◆ Recorded information ◆

:::::

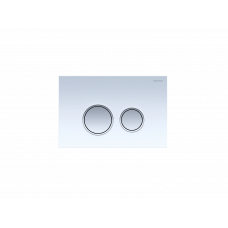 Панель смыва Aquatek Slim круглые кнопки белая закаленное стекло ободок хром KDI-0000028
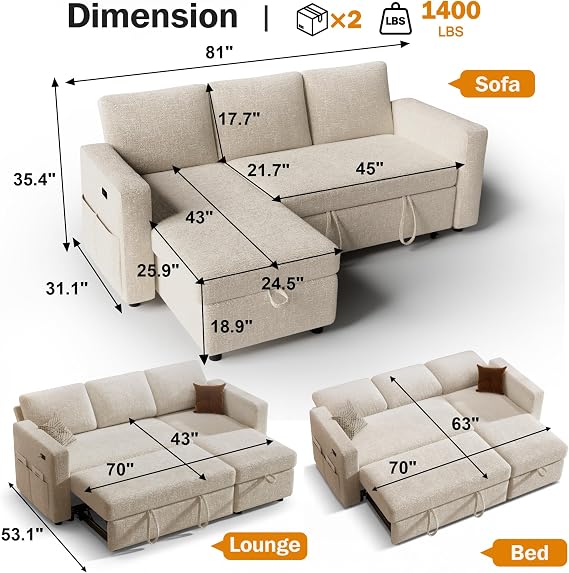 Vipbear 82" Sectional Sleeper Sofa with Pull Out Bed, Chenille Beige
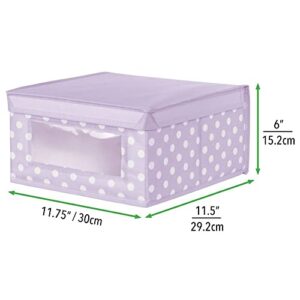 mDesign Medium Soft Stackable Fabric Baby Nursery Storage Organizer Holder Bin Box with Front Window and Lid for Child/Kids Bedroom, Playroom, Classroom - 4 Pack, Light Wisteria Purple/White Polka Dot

:::::

◆ Exercise directions ◆
Once the pictures are set aside, restate the remaining data above exactly.

◆ Result of the exercise ◆
 Панель смыва Aquatek Slim круглые кнопки белая закаленное стекло ободок хром KDI-0000028
 Vipbear 82" Sectional Sleeper Sofa with Pull Out Bed, Chenille Beige
 mDesign Medium Soft Stackable Fabric Baby Nursery Storage Organizer Holder Bin Box with Front Window and Lid for Child/Kids Bedroom, Playroom, Classroom - 4 Pack, Light Wisteria Purple/White Polka Dot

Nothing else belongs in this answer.